Tali manifestazioni, con il conseguente turbamento dell’ordine pubblico che comportavano, suscitarono l’ostilità delle autorità comunali, che, prestando ascolto anche alle dicerie su presunti illeciti rapporti con le Benedettine del monastero di S. Bionda, deliberarono nel 1363 l’esilio del gruppo di venticinque gesuati, come saranno nominati per il loro continuo riferimento a Gesù. Iniziò così l’apostolato itinerante di C. e del suo gruppo per la Toscana e l’Umbria che portò alla diffusione del messaggio e a una crescente ostilità da parte dei Francescani e Domenicani, posti in concorrenza, che fecero sentire al C. più urgente la necessità di un riconoscimento ufficiale del movimento costituito da una sessantina di seguaci. Dopo aver tentato inutilmente di andare incontro al papa Urbano V sbarcato a Corneto di ritorno da Avignone, malato, riuscì in un secondo momento ad accedere a corte, dove fu oggetto di un’inquisizione papale che vedeva con sospetto la povertà predicata. Tuttavia tale movimento fu usato dalla Chiesa per rispondere alle inquietudini pauperistiche allora in voga. Non approvando l’estrema povertà il pontefice stesso acquistò loro la divisa costituita da un talare e con cappuccio bianchi e sandali di legno.

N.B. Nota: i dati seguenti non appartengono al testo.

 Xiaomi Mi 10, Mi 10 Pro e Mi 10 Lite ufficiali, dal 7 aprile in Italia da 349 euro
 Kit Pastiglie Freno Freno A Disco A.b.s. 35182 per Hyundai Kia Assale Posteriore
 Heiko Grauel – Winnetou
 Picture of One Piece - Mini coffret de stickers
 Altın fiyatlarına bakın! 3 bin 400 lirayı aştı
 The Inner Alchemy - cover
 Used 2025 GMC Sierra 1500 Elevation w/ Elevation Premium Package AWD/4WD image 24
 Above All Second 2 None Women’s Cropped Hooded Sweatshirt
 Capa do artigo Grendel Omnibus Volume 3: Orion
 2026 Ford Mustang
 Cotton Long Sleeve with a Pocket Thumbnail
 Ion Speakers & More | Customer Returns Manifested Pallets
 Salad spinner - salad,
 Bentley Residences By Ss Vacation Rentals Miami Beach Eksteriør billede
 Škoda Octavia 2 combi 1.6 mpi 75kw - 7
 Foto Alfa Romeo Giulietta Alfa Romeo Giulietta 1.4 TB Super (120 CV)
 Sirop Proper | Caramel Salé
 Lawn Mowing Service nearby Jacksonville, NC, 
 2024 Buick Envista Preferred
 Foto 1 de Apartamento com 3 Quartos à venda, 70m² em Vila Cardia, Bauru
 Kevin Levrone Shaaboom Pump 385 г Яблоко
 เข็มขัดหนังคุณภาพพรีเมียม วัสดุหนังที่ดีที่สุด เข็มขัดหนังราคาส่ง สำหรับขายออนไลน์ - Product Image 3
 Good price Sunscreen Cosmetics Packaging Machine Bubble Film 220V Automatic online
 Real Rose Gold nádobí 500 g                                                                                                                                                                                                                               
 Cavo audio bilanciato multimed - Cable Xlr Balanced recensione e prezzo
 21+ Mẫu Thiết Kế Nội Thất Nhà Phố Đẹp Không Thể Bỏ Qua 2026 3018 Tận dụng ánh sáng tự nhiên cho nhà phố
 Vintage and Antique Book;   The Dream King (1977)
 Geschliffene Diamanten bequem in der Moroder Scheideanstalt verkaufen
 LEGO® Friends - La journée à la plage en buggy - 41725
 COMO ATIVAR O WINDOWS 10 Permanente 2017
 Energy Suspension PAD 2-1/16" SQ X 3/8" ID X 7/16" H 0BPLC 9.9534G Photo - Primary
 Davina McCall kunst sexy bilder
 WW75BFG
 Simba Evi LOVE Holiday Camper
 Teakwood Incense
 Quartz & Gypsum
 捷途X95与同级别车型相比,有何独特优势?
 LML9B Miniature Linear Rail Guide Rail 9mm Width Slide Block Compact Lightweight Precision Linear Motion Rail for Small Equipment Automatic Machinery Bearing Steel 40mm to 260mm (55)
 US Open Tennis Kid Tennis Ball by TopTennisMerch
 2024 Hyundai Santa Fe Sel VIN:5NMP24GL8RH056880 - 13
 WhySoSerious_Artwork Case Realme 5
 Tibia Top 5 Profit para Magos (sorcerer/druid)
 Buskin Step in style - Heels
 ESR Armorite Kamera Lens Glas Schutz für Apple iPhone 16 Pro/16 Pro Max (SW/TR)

Ottenuta l’approvazione e l’ufficializzazione dell’Ordine, il C. decise di trattenersi a Viterbo dove procedette a un riordinamento della Congregazione per adattarla alle direttive papali. In quell’occasione proprio l’amministrazione da parte di questo Ordine fu oggetto di discussioni per la difficoltà di inquadrare laici all’interno dell’amministrazione della Chiesa, alla quale essi non volevano rendere conto. Ottenuto il consenso papale C. lasciò Viterbo per fare ritorno a Siena, ma la malattia da cui era afflitto si aggravò, costringendolo a una sosta ad Acquapendente che risultò quella definitiva. Qui il 26 luglio, in atteggiamento penitenziale, dettò a Benedetto di ser Pace, notaio, fra i suoi primi seguaci, il testamento spirituale, desideroso di lasciare ai compagni un indirizzo che li salvaguardasse da future deviazioni. Si spense pochi giorni dopo presso la badia di S. Salvatore. Il suo corpo fu portato a Siena e sepolto al monastero di S. Bionda, al quale era stato particolarmente legato. Sebbene non fosse mai ufficialmente beatificato, Gregorio XIII lo volle inserito nel Martirologio Romano. Una sua immagine è conservata nella Chiesa de la Calza a Firenze.
BIBL. – Bartoli 1856; Ciampi 1872, p. 93;Tonelli 1921; Bartoli 1923; Cherubelli 1950; Petrocchi 1957, pp. 6, 147-176; Ambrogio Maria Piazzoni in DBI, 27, pp. 149-153; ABI, l, 308, pp. 249-256 II, 22, p. 346 n, 151, pp. 166-170.